→ Problem description
Quote every line below exactly and skip any picture.

→ Dataset content
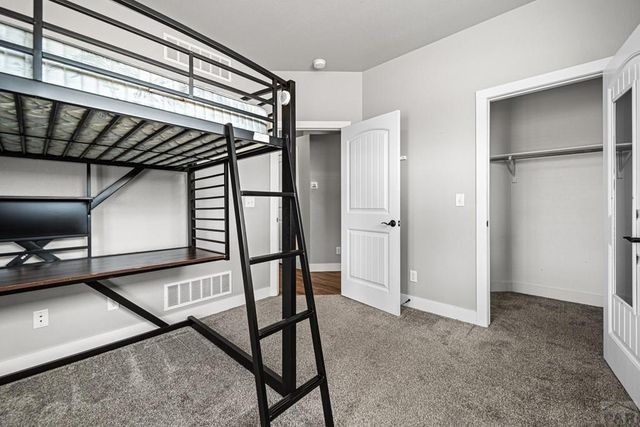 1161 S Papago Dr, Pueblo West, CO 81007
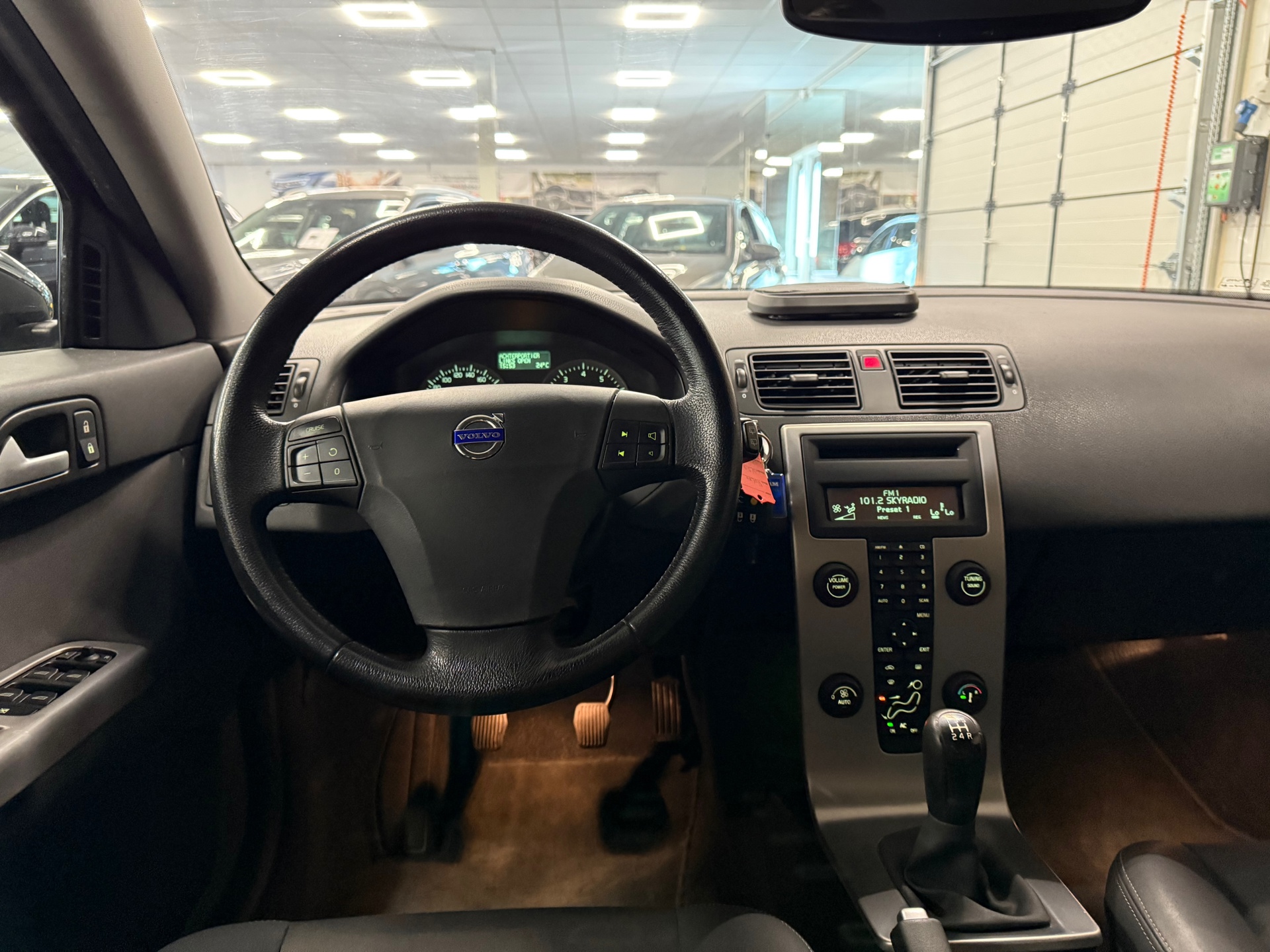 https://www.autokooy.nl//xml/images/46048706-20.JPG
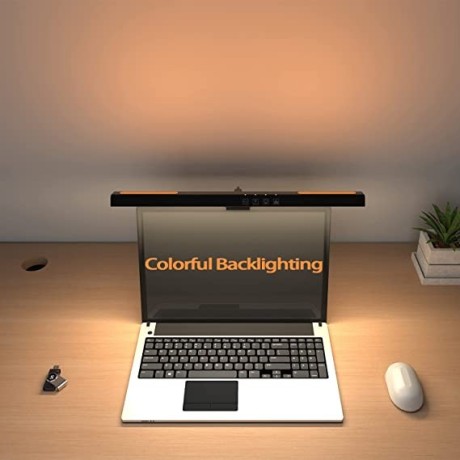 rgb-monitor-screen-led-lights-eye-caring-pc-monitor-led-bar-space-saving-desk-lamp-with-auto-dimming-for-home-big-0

→ Exercise response
 1161 S Papago Dr, Pueblo West, CO 81007
 https://www.autokooy.nl//xml/images/46048706-20.JPG
 rgb-monitor-screen-led-lights-eye-caring-pc-monitor-led-bar-space-saving-desk-lamp-with-auto-dimming-for-home-big-0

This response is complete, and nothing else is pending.